It isn’t that I have a moral objection against cell phones; I’d like one and have considered getting one. My beef is with the people using the cell phones. Why do people feel they need to be in touch with the outside world 24/7 and then complain constantly that they can’t get away “for even a minute?” It makes me want to shake these people and yell,

“Turn it off, you mindless wombat! Turn it off!”

Just a couple of days ago, I was standing in line at the grocery store (one of my least favorite locations), when this man standing behind me, and obviously possessing the IQ of a boiled peanut, answered his cell phone.

“Oh, yeah!” said the mentally-deficient legume. “I’m just standin’ in line at the grocery store.”

Is this really vital information? Does anyone’s extended family or friends need to know your location at every passing moment?

People carry their cell phones with them everywhere and leave them on, programmed with some asinine ditty that plays every thirty seconds or so when someone calls. And these conversations don’t necessarily last long, suggesting that the reason for the actual call was non-existent in the first place:

*inane carnival ditty*
“Yup? Hi. Nope. Just hangin’. ‘K, see ya’ later. Yup. Bye.”
*hang up*
*inane carnival ditty*
“Yup? Be home around five. Yup.”
*hang up*
*inane carnival ditty*
“Yup? Nope. Yup. Nope. Yeah. Bye.”
*hang up*

This drives me to the point of distraction and nearly causes me to lose all self-control. If people are going to carry on endless conversations, at least put it on speaker phone so I can hear the other side or, better yet, don’t use the phone at all in public, unless it’s an emergency:

*inane carnival ditty*
“Yup? No! You gotta be kiddin’! Her entire head? Just gone?!”
*hang up*
*inane carnival ditty*
“Yup? Okay. Tell me when the police cruiser leaves and I’ll sneak out the back.”
*hang up*
*inane carnival ditty*
“Yup? Listen carefully, Vinny, I’m only gonna tell yous once. Jimmy Hoffa’s buried at…”
*hang up*

You get the idea.

Really, if people would just be a bit more discerning, I’d have no problem with cell phones, but they practice no common sense. The technological little monsters are forever going off in restaurants, libraries, concert halls, check-out lines…am I alone on this? Or is anyone even paying attention? Hey! Get off that phone and read this!

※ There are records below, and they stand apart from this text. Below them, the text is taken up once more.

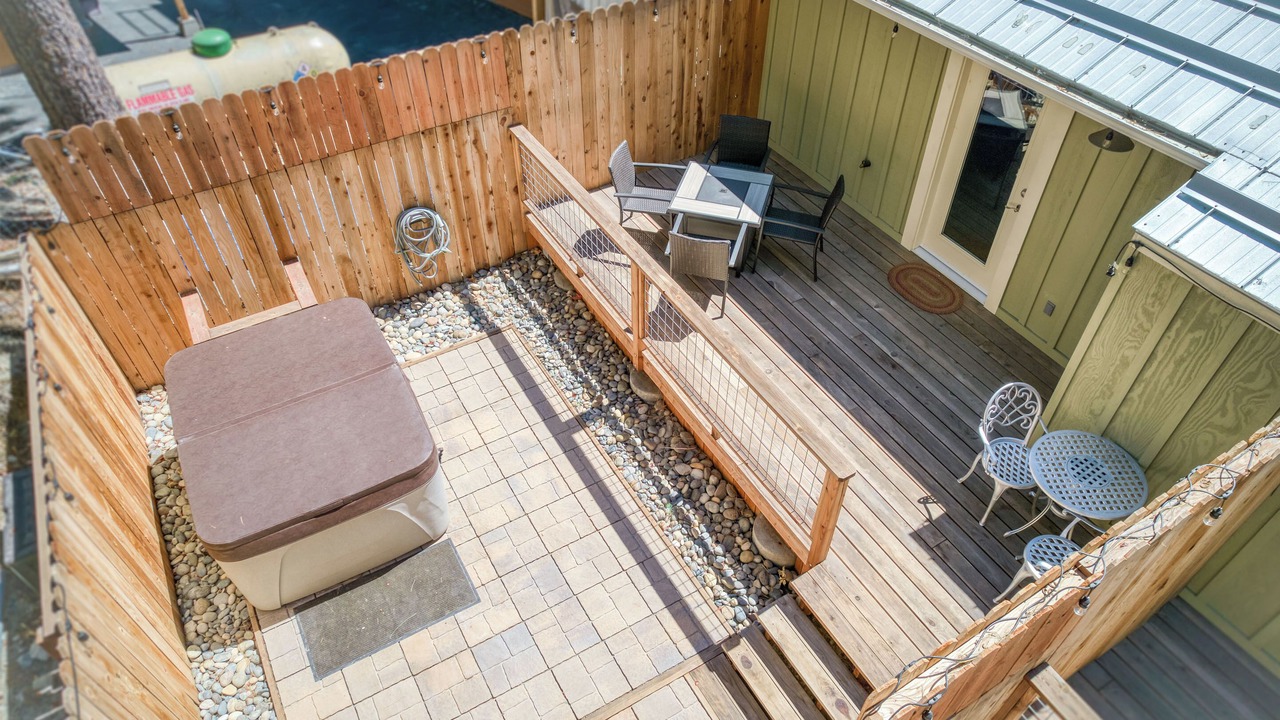 Photo of Patio Balcony in Bass Lake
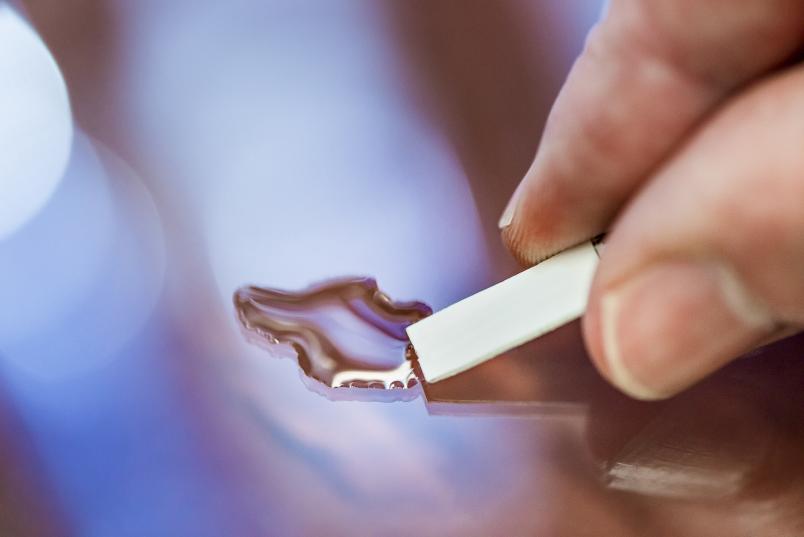 Chip saugt Flüssigkeit auf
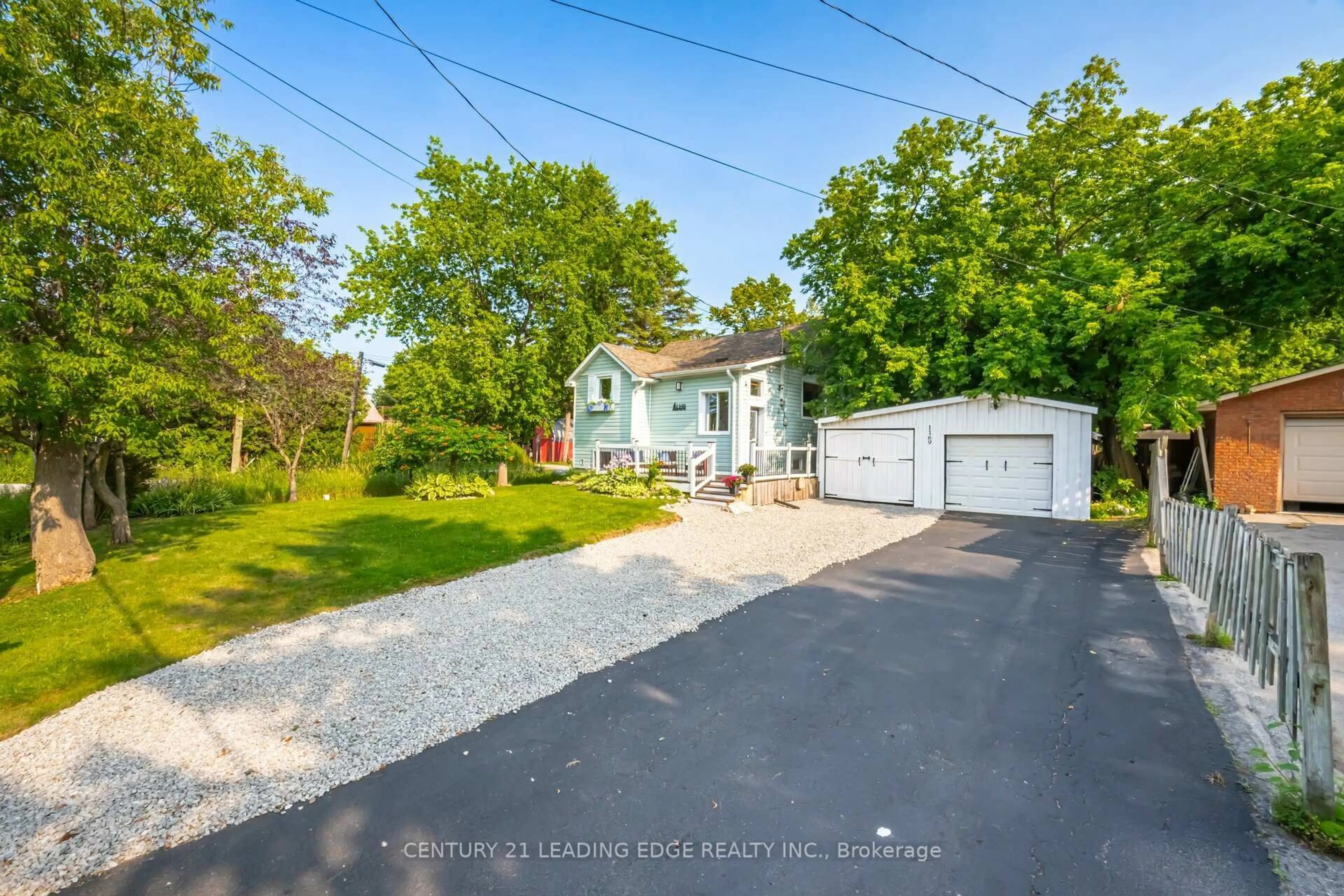 A pic from outside/outdoor area/front of a property/back of a property/a pic from drone, street for 1169 Killarney Beach Rd, Innisfil Ontario L0L 1W0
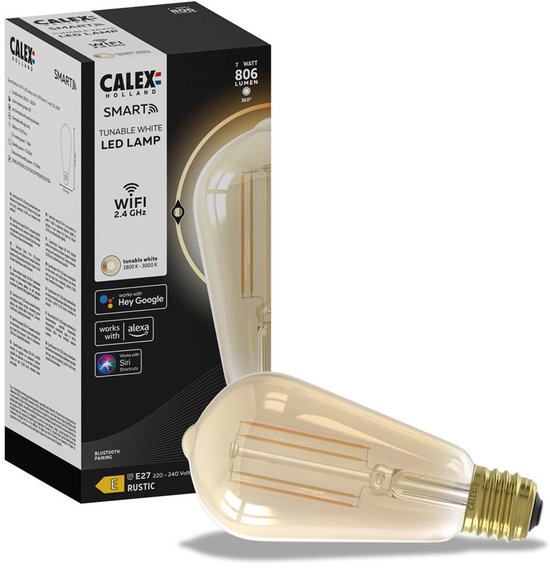 Calex Smart LED lamp met E27 fitting en gouden gloed, in verpakking met specificaties zoals WiFi en compatibiliteit met Google Assistant en Alexa.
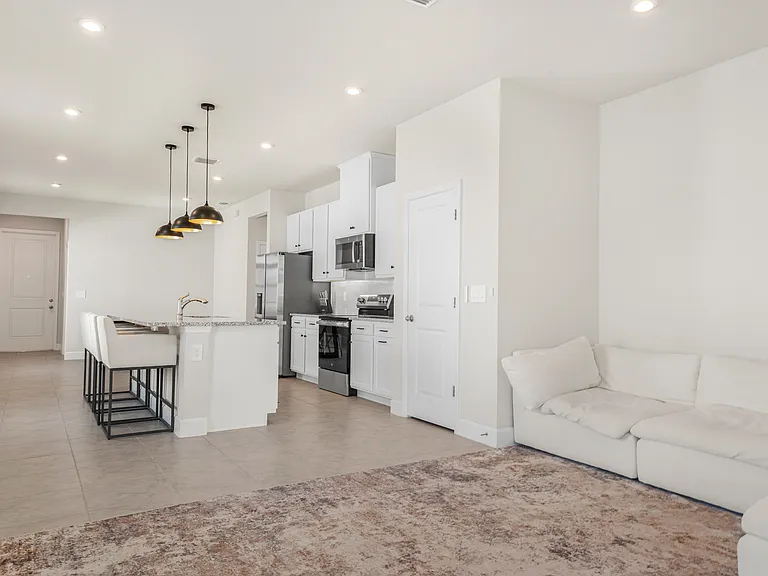 14048 Crimson Ave — Photo 23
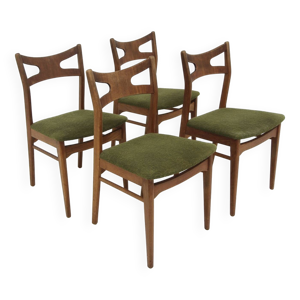 4 chaises scandinaves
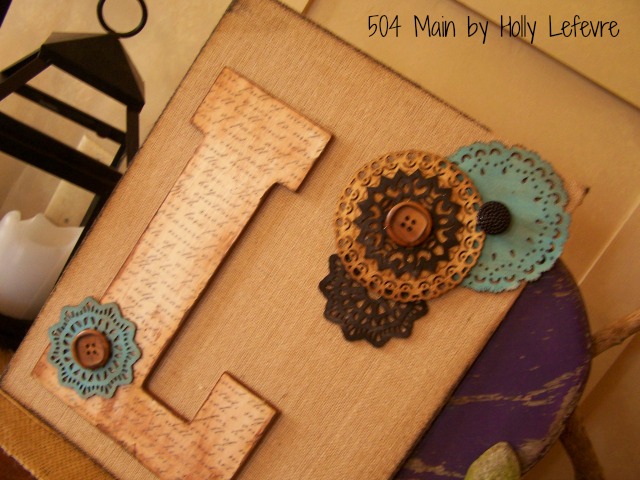 monogrammed burlap canvas, crafts, decoupage, I love the look of this simple canvas full of personality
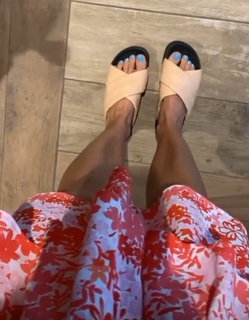 Paulina Sykut feet photo thumbnail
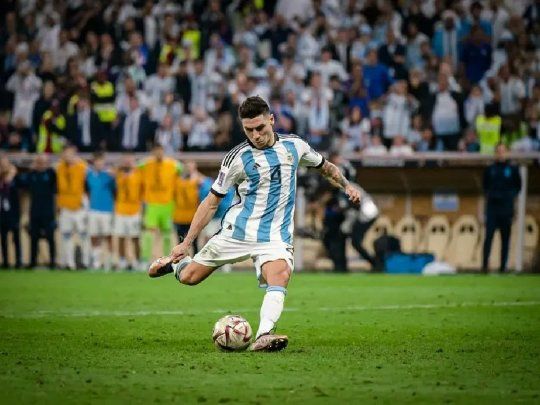 Momento único. Gonzalo Montiel ya eligió cruzarla. Hugo Lloris iría para el otro lado y Argentina sería campeona del mundo por tercera vez en su historia.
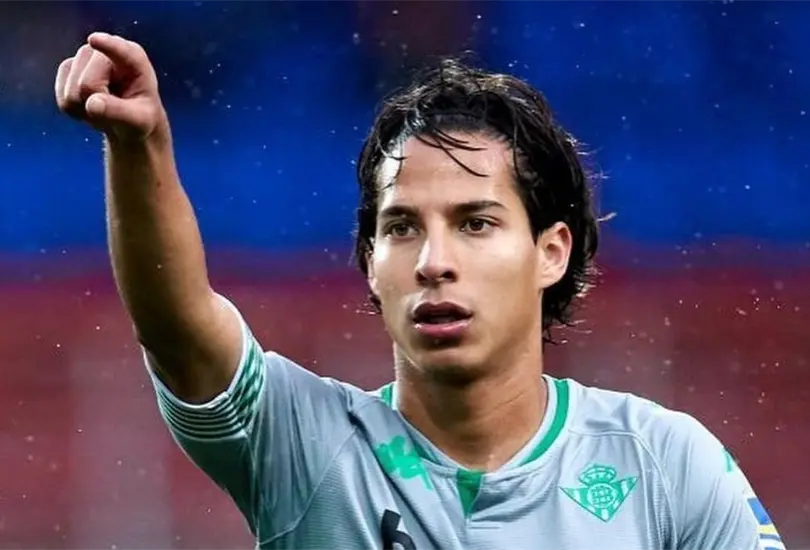 Diego Lainez estar&iacute;a analizando ofertas para que pueda jugar lo m&aacute;s posible.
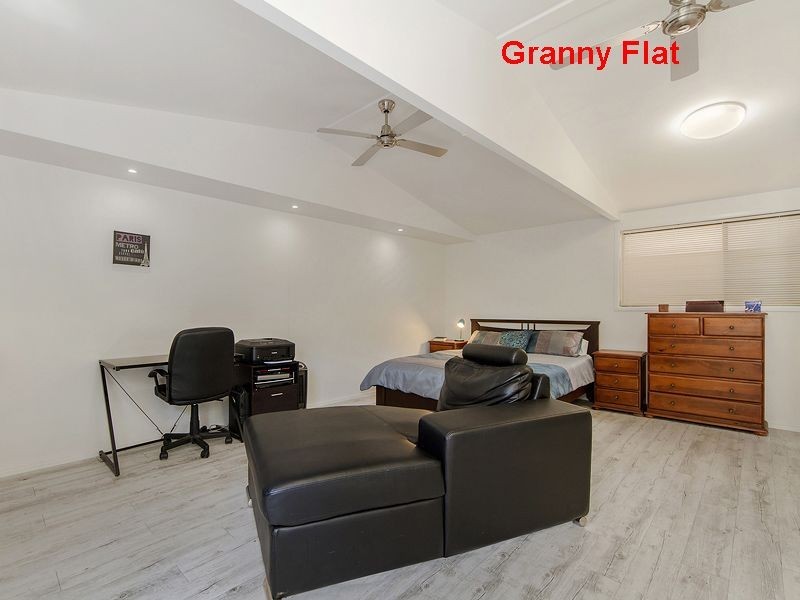 14 Umpara Crescent, Mudgeeraba QLD 4213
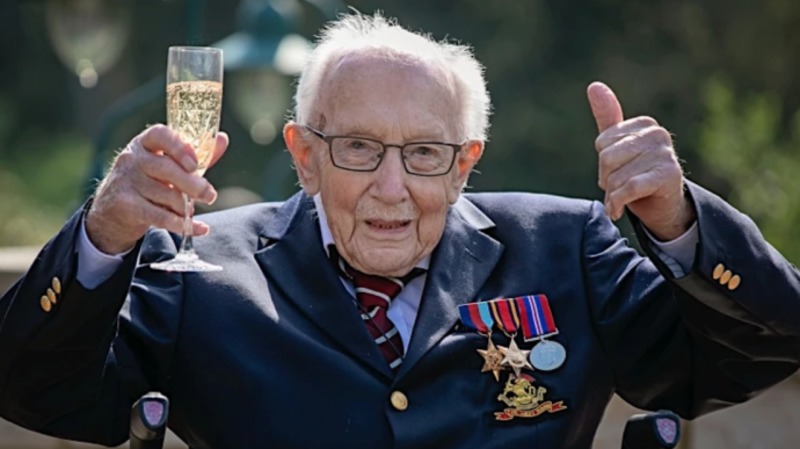 Британський ветеран, який зібрав мільйони для медиків, помер через COVID-19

Friday, September 22, 2006

Germs and Cheese Doodles

One of my fellow bloggers, the one who isn’t ashamed to be in the same state with me, has a cold. He was absent from work yesterday, and came in today sounding like a primordial amoeba choking on rotten peanut brittle.

I felt very sorry for him and attempted to lighten his spirits by regaling him with stories from my childhood, knowing he would enjoy the narrative. Soon, however, his cold appeared to turn into stomach flu and I was forced to suspend the verbal bio and retreat to safer quarters.

Later, he coughed as he passed by and, although he attempted to stifle the sudden output of germs by covering his mouth, a couple of the little blighters escaped and alighted upon a shelf near my left ear. The first germ, a confused looking creature with wide, staring eyes looked around worriedly.

“So, what’dya think, Pete?”

“Aw, relax, Balthazar,” said the partner, adjusting a dapper beanie cap. “All is well. Let’s just sneak into this guy’s ear and give him an ear infection. What sport, eh?”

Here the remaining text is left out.